**GIVEN MATERIAL**:
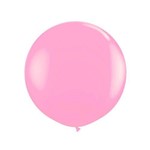 Balão Big Ball Rosa Tamanho 250 - Pic Pic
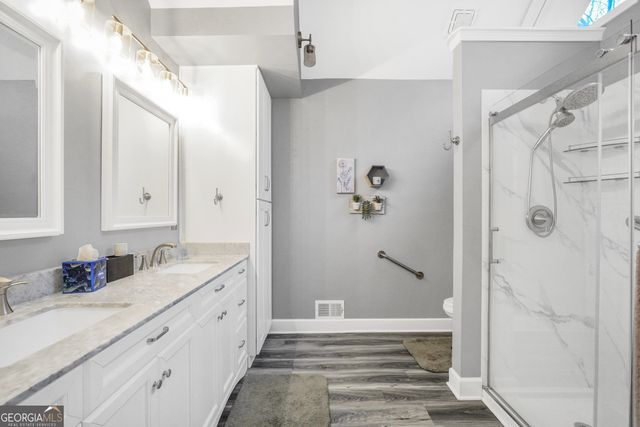 205 Summerfield Lane, Mcdonough, GA 30253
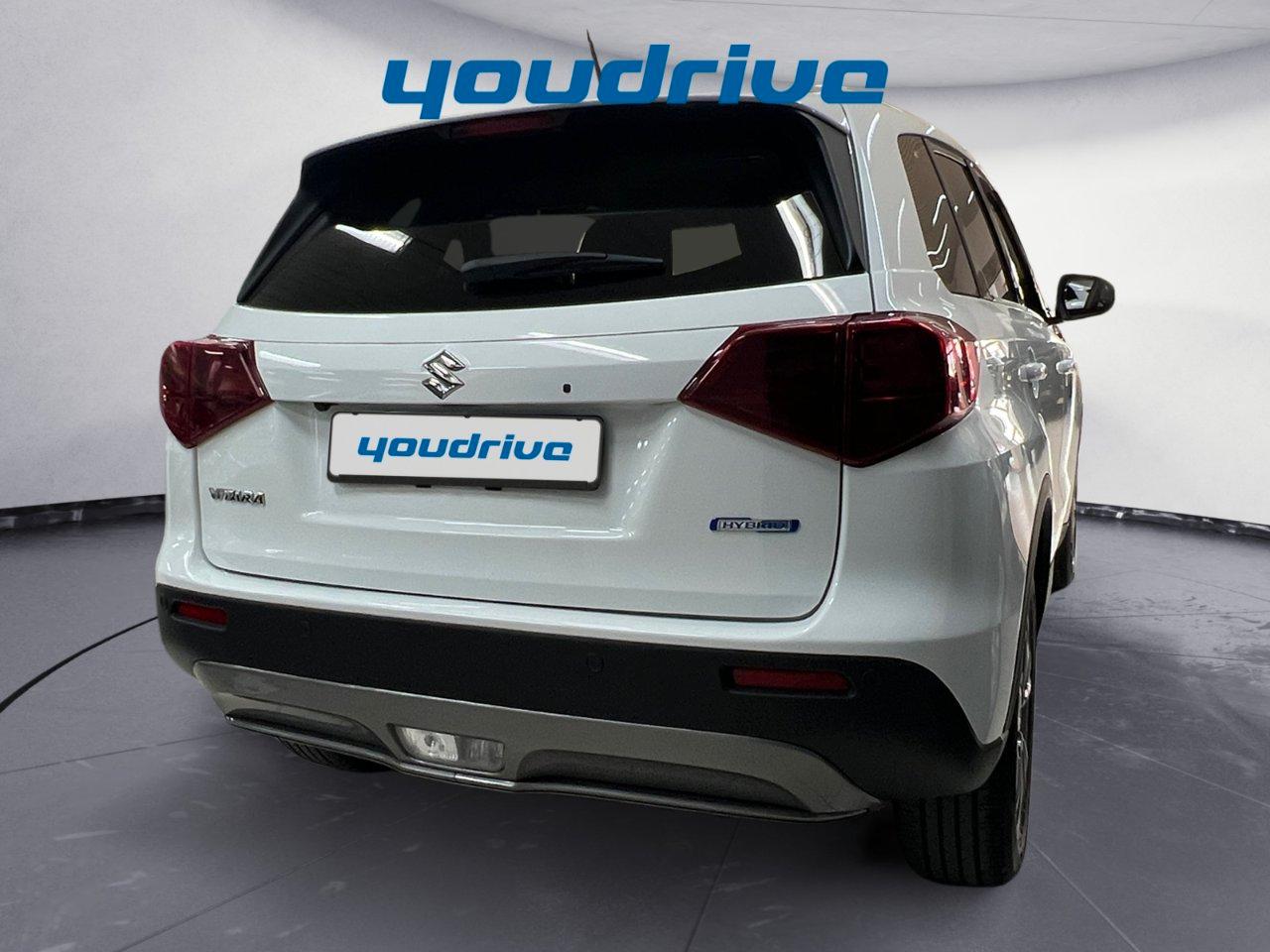 Suzuki Vitara 1.4h Cool+ 2wd 129cv KM 52.500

**INSTRUCTIONS FOR THE TASK**:
Without the pictures, transcribe the lines from the one containing "205 Summerfield Lane, Mcdonough, GA 30253" through the end of the data, exactly and only those.

**RESPONSE TO THIS EXERCISE**:
 205 Summerfield Lane, Mcdonough, GA 30253
 Suzuki Vitara 1.4h Cool+ 2wd 129cv KM 52.500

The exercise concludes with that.